"It is even conceptually impossible, since only God can create. Creation is an exclusively divine ability, and no created being can even serve as a means for creation. God is the unique source of creation, as He does not cooperate with any tools, partners, or materials in the work of creation. God's creative activity is exclusive. No one and nothing can create as God does. The creative capacity of God is an incommunicable attribute for any creature. To be able to create, that is, to bring existence from nonexistence, one must be God."
None of these claims are supported by scripture. The prepositional phrase ἐν αὐτῷ does not read "by him" but "in him." That implies agency not actor. Christ is, according to Paul, the agent of God's creation. He is not the originator of it nor the designer of it.
Additionally, Paul uses the metaphor of a son's relationship to his father. He is the image of God. The word translated image derives from the impress of a master die on a coin. Christ is not the original, but the 'spitting image' of God. He is begotten - called elsewhere the 'only begotten' son. The very word implies an origin. And we have an origin attached to him in Malachi and in 1 John. John describes Jesus as ἀπ’ ἀρχῆς, that is "from the beginning," and Malachi describes Jesus as having an origin. Five / two reads according to the AV " But thou, Bethlehem Ephratah, though thou be little among the thousands of Judah, yet out of thee shall he come forth unto me that is to be ruler in Israel; whose goings forth have been from of old, from everlasting." The Hebrew from which "goings forth" is derived implies an origin.

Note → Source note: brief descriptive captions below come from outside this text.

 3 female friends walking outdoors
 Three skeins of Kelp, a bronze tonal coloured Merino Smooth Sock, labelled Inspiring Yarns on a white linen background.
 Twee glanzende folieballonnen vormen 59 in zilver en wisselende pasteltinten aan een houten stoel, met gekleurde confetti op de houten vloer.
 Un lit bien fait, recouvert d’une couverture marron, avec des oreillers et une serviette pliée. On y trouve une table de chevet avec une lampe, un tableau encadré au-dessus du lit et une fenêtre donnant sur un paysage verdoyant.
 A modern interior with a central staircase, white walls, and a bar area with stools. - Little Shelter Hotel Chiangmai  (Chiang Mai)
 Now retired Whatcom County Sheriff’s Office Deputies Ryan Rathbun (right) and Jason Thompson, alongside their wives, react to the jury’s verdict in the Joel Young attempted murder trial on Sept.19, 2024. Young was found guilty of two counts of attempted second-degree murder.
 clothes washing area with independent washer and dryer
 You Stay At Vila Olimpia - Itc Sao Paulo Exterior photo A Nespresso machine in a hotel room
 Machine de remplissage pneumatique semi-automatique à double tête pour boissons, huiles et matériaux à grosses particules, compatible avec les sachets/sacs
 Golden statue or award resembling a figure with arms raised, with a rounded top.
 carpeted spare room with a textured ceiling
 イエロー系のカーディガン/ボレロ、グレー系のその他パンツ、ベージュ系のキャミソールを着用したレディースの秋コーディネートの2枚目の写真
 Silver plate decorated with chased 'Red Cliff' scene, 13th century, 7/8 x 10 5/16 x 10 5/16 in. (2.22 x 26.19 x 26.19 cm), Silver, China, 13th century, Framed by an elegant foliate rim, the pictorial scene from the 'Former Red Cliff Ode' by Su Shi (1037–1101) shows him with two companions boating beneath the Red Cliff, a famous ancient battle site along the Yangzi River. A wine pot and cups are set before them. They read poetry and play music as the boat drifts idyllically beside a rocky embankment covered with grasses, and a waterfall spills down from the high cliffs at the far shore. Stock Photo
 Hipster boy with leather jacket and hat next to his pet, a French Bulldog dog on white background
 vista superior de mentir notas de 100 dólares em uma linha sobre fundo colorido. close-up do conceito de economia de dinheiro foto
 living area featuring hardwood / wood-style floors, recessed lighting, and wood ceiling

No matter what slant one puts on "firstborn" - whether we take it to me 'principal one" or literally 'first of all' it is still "of creation." Jesus is classed with creation. He is the agent of the creator.
In Colossians Paul is refuting a Gnostic sect prevalent in Colossae that taught that there were many intermediaries between God and man. Paul says there is only one, Jesus who is God's first work, his firstborn, who is "of creation."
You misstate Watchtower belief. You craft straw man arguments. You seek to diminish Slim's arguments by insulting his sources rather than refuting the actual point. An example is your comment on John Locke whose "Reasonableness of Christianity" is a classic. The issue here is what the Scriptures actually say, not what the vain philosophies of speculative writers have said. And restating how you wish it to be is not proof of your claims. Much of your 'argument' is based on one of the major logic flaws: that of repetition of claims without further proof.
I've had my say, I suppose. Now I leave this to you two to hash out.